## Dataset:

>>>

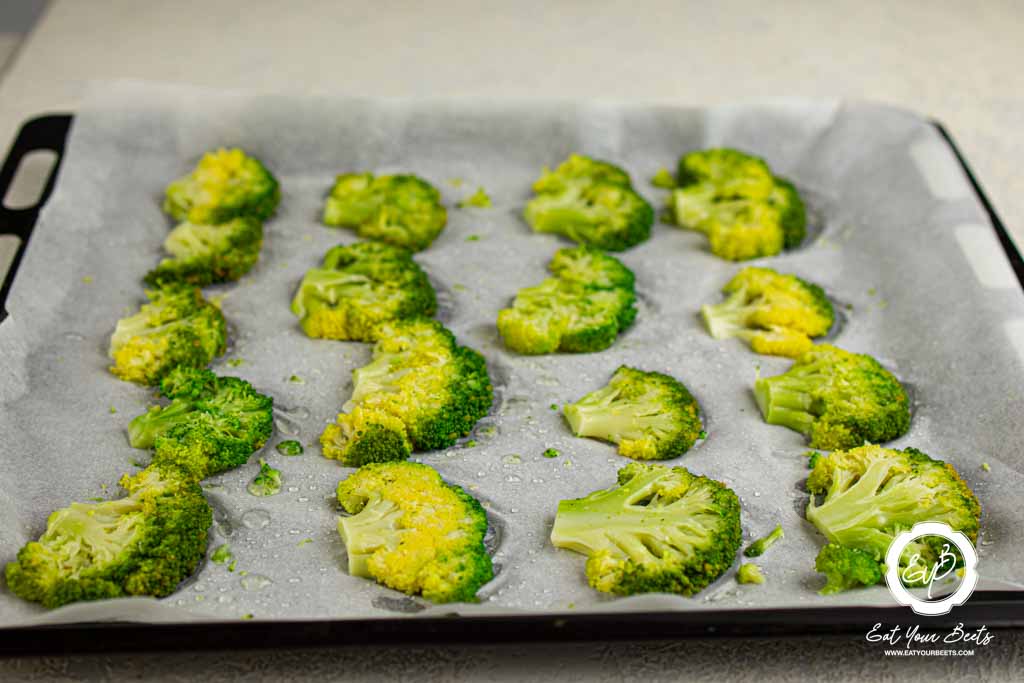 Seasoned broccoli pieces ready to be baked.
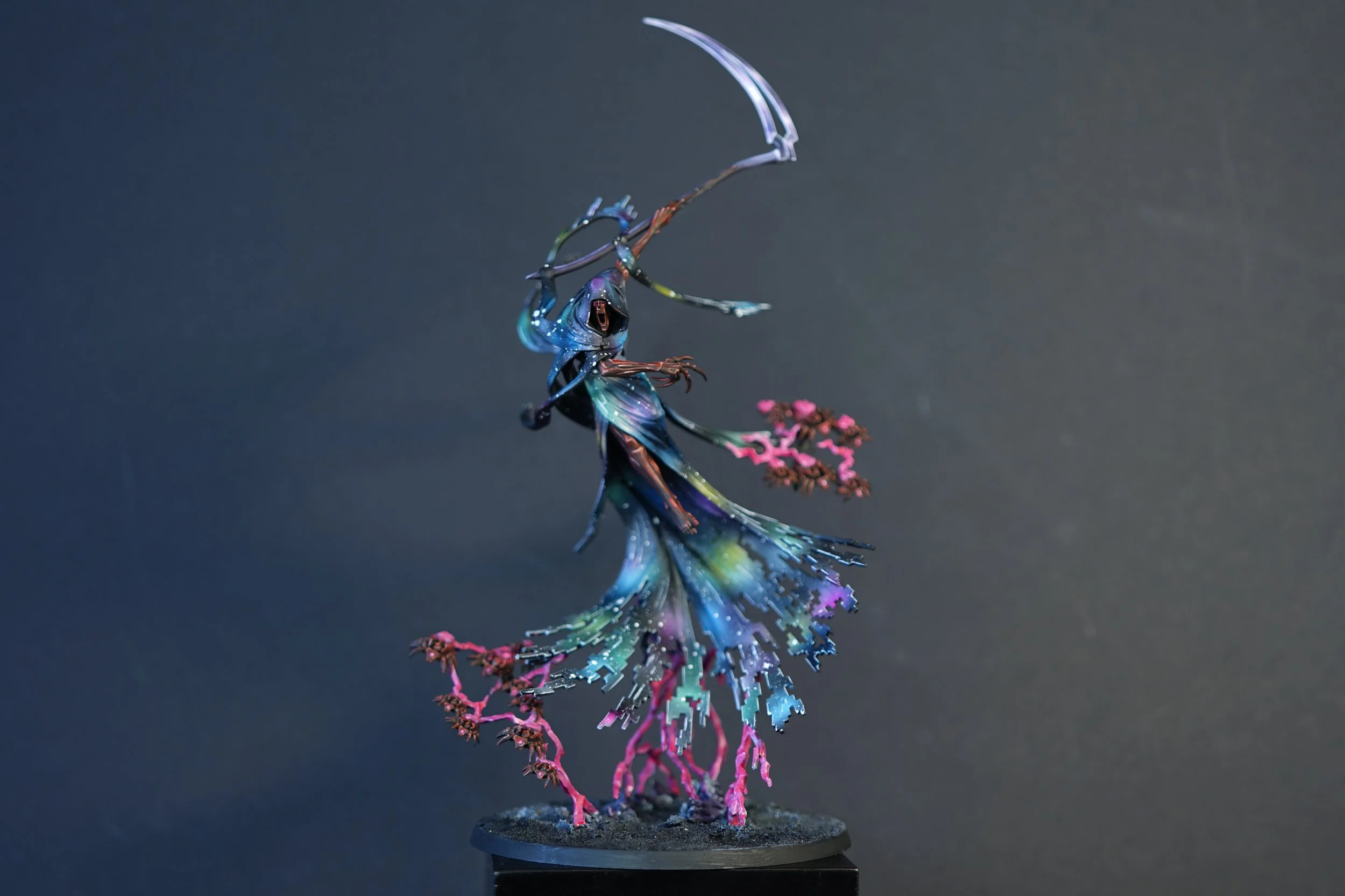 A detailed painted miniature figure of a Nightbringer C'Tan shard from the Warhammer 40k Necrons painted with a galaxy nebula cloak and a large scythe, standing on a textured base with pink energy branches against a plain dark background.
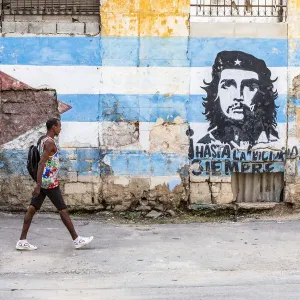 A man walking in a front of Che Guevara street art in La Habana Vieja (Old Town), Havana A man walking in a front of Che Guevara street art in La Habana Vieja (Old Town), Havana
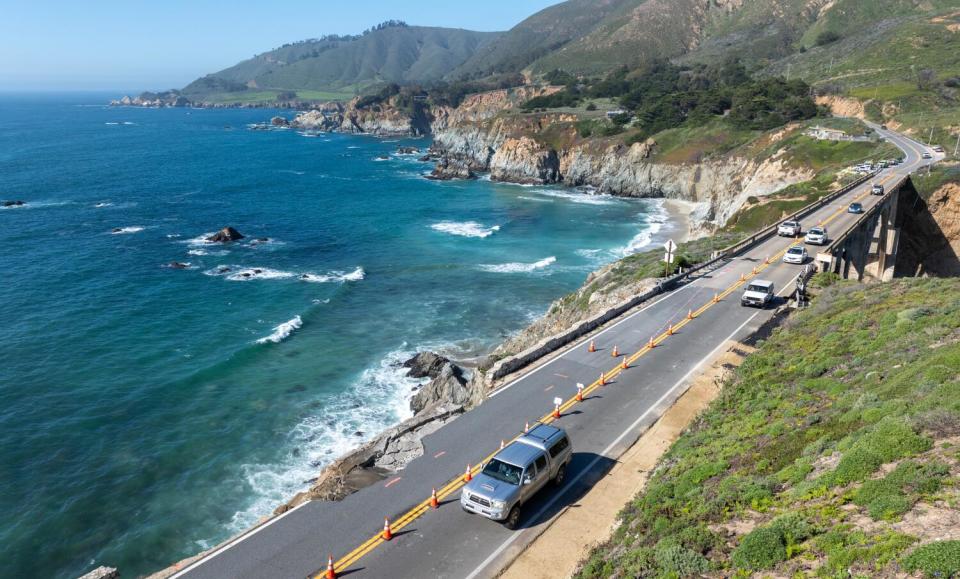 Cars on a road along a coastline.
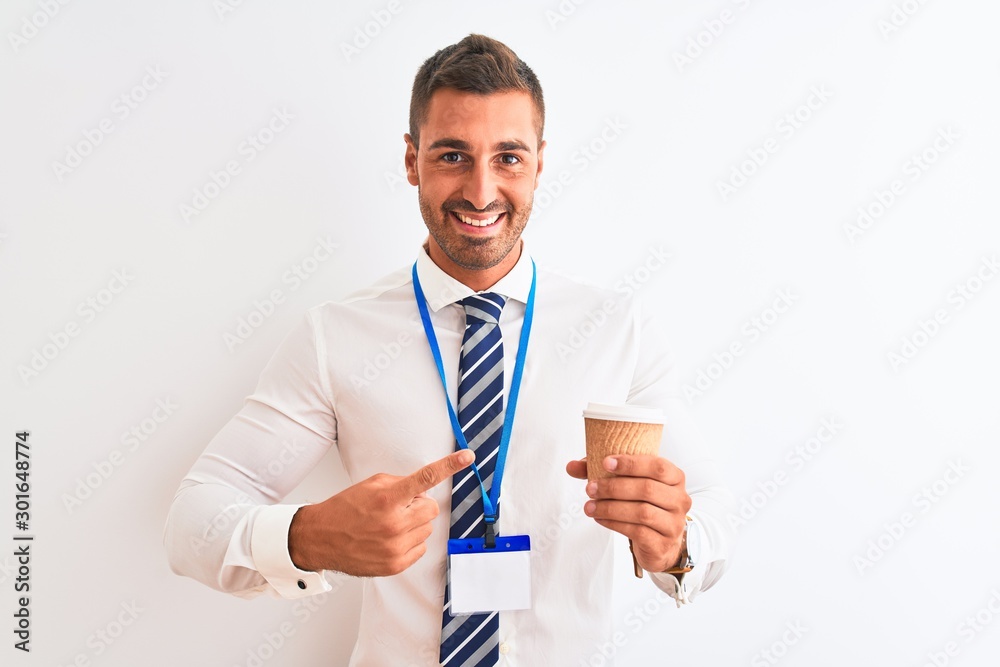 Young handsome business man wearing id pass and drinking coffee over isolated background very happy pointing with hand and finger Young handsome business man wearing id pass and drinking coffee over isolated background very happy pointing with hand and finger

<<<
>>>

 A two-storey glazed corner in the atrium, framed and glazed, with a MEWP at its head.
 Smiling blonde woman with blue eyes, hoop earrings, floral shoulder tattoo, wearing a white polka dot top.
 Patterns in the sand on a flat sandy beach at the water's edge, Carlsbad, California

<<<

## Task to complete:
Please copy, exactly as written, every line in the listing above from the line with "A two-storey glazed" up to and including the line with "Patterns in the".

## Worked solution:
 A two-storey glazed corner in the atrium, framed and glazed, with a MEWP at its head.
 Smiling blonde woman with blue eyes, hoop earrings, floral shoulder tattoo, wearing a white polka dot top.
 Patterns in the sand on a flat sandy beach at the water's edge, Carlsbad, California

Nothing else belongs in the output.